Q8. What does Central Co-op do well which could be further developed in an enlarged Society if the merger was successful?
Central Co-op is recognised for its strong funeral business, effective procurement, and great member engagement practices. Midcounties brings strengths in communications and has tended to have a more innovative approach – witness the development of the early years education and travel services. The merger offers opportunities for both societies to learn from each other and to enhance their collective capabilities.
Q9. Will Members have the same opportunity to engage, including investing in the new Society?
Yes, the intention is to retain and build upon Midcounties’ successful member investment schemes and co-operative practices. The merged society aims to encourage Central members to engage similarly, fostering a vibrant, democratically active membership base.
Q10. If the merger was approved, where would the new Society’s head office be located?
No decision has been made regarding a single head office. Both societies own their head office buildings (Warwick and Lichfield) which provides flexibility. Certainly, the merger presents an opportunity to rethink how workspaces are used, especially in a post-pandemic world.
Q11. What would be the process for choosing the new name of the Society?
A new name will be proposed to members that reflects the heritage and future ambitions of the merged society and aligns with co-operative identity and values. It will not include ‘Central’ or ‘Midcounties’ to distinguish the new Society from the past. This is something that needs to be actioned in good time so will be high on the new Board’s agenda.
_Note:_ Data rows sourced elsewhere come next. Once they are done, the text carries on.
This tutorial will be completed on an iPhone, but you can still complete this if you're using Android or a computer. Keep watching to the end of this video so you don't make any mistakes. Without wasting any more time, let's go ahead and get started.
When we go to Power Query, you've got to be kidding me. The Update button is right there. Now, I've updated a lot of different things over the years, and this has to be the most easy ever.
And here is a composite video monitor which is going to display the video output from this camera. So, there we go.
Q12. How will the new co-operative ensure that its combined businesses complement each other and deliver greater impact?
Our working assumption is that the businesses operated by both societies will continue in place for the foreseeable future to meet our members needs and expectations. So, all the businesses are included in the five-year plan for the new Society that has been drawn up. Over time, the new board will assess the strategic fit of each business area, considering member needs and societal changes. Innovation and adaptability will be key to ensuring the merged society’s offer remains relevant and impactful.
Q13. What does the future of Midcounties look like if the merger doesn't go ahead?
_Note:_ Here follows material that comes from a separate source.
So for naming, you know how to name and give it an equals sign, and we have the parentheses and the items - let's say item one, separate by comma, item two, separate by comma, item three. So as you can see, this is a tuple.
If members do not approve the merger, Midcounties will continue operating independently with a clear strategic plan. This includes improving efficiency, reducing debt, and investing in areas like pensions and member services. However, the Board believes the merger offers the best long-term future for members and colleagues given the opportunities it presents to develop the business and the headwinds impacting the Society.
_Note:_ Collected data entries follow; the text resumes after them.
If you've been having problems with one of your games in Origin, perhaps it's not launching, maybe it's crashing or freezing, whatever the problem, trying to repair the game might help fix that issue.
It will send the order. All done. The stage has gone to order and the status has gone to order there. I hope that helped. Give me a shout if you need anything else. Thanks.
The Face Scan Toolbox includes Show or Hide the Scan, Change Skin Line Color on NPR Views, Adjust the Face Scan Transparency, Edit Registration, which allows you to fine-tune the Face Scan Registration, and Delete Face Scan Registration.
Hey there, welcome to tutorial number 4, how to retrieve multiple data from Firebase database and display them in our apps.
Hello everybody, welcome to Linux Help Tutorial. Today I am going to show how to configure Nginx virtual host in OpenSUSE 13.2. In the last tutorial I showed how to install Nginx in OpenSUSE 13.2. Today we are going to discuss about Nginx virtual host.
Q14. What are the likely savings and cost efficiencies which could be realised as a result of the merger?
In conjunction with Central Co-op, we have developed a five-year business plan that includes significant investment in the first one to two years to integrate systems and teams. A major focus is on IT, where both societies currently use some of the same systems but pay duplicate licensing fees. By consolidating and choosing the most effective systems, we can reduce costs and improve efficiency really very significantly.
The initial investment is expected to be around £8 million, mainly to support integration. However, once completed, the merger is projected to deliver annual savings of approximately £17 million through better buying power, streamlined contracts, and reduced duplication in systems and infrastructure.